--- About this task ---
Could you set down only the lines from the one including "harley-davidson - road-king-classic-flhrci" to the end of the records below, inclusive and exact, leaving pictures out?
Data below:
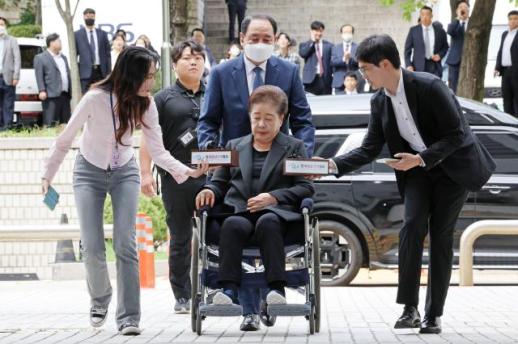 [포토] 정교유착 혐의 한학자 통일교 총재, 영장심사 출석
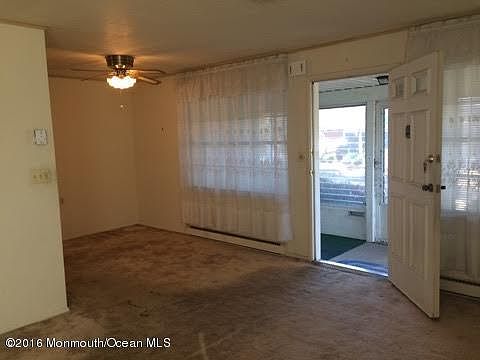 2nd image of 317A Coventry Ct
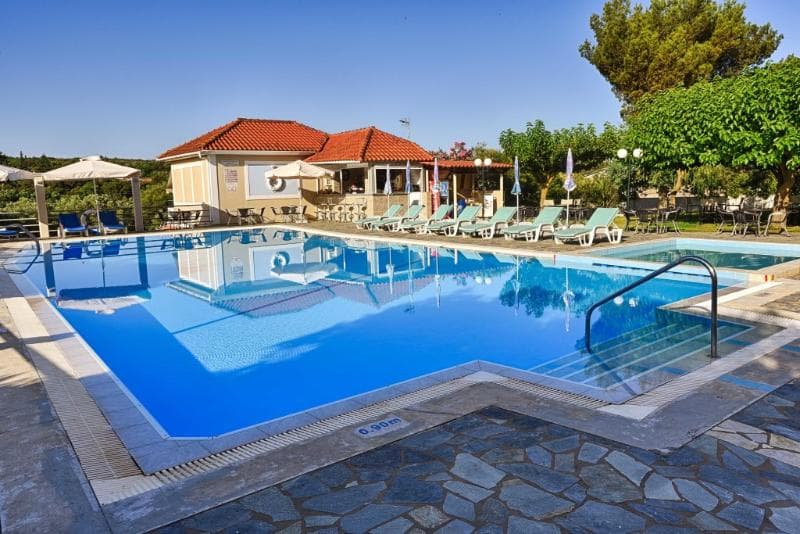 Ionis Hotel 5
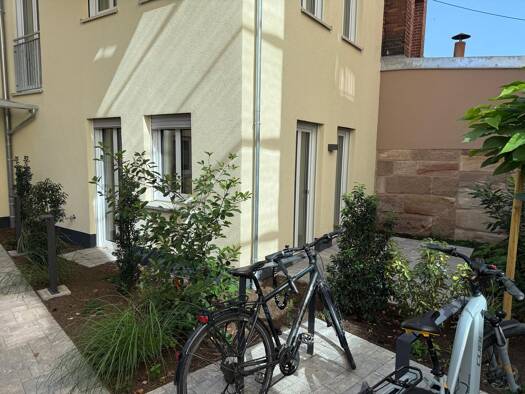 Wohnung zur Miete 560 € 1,5 Zimmer 37 m² 3 Geschosse frei ab 01.09.2026 Sommerstraße 10 Innenstadt Fürth 90762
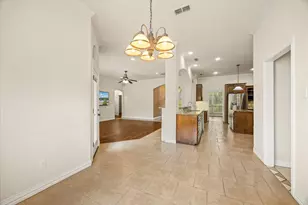 2009 Wigeon St, Granbury, TX 76049 - Photo 13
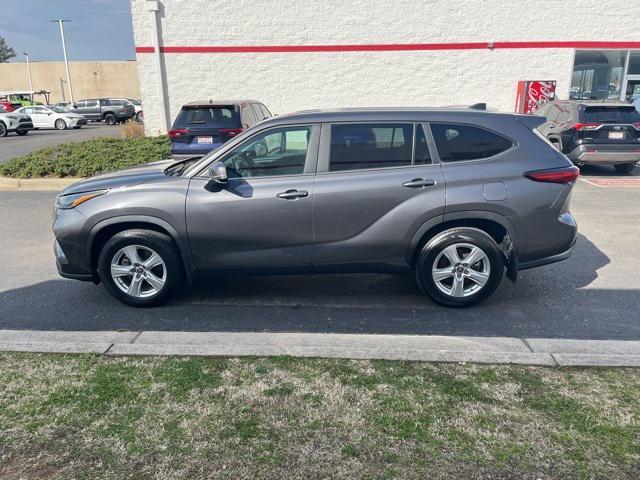 used 2023 Toyota Highlander car, priced at $33,900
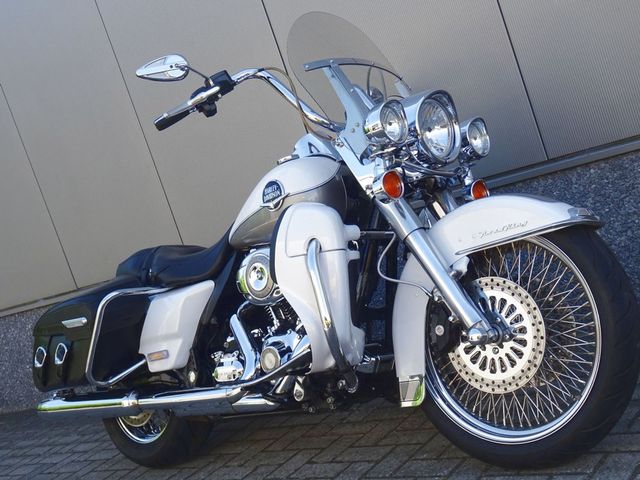 harley-davidson - road-king-classic-flhrci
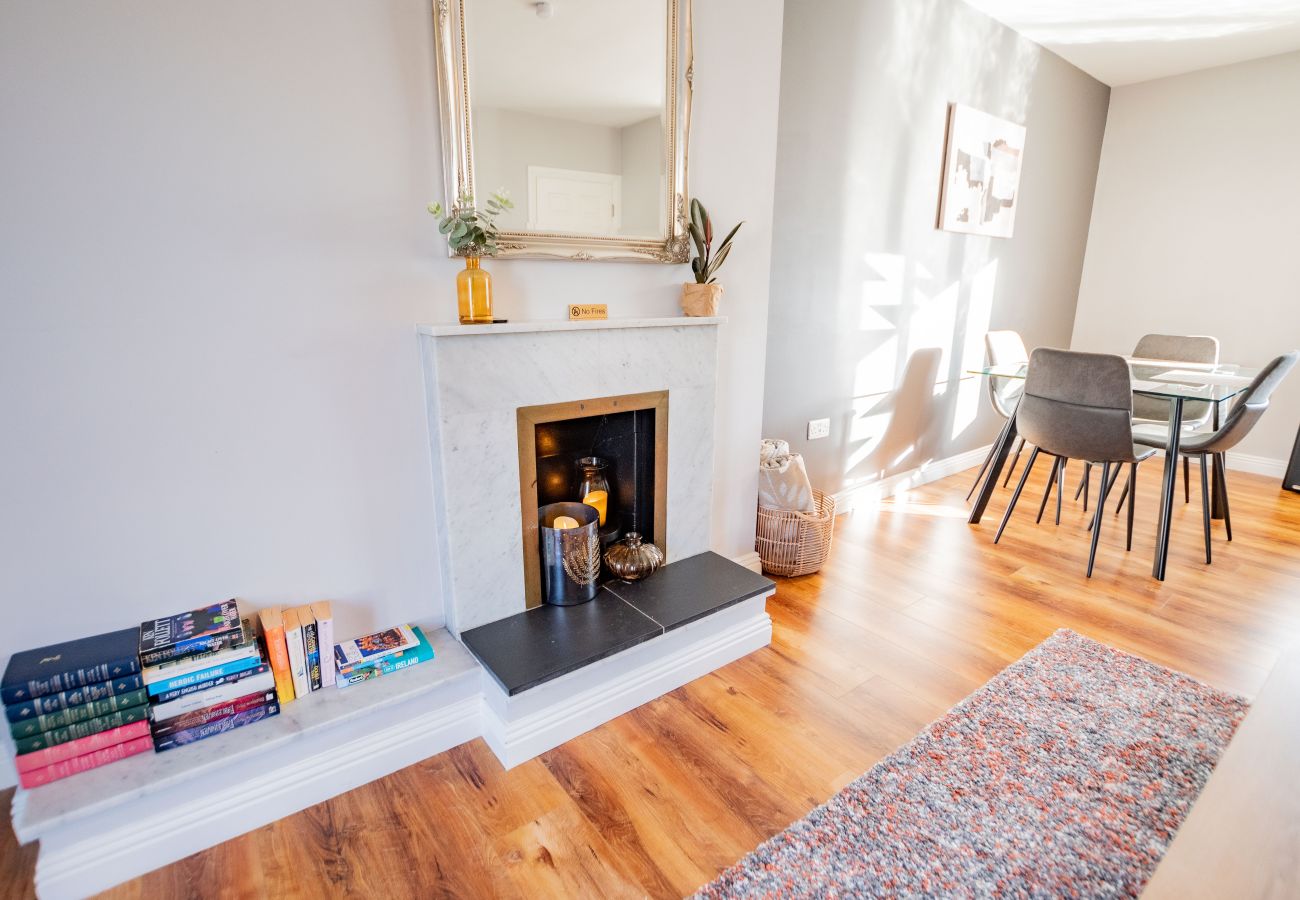Terraced House in Galway City - Top of the City Townhouse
End of Data.
--- Expected answer ---
 harley-davidson - road-king-classic-flhrci
Terraced House in Galway City - Top of the City Townhouse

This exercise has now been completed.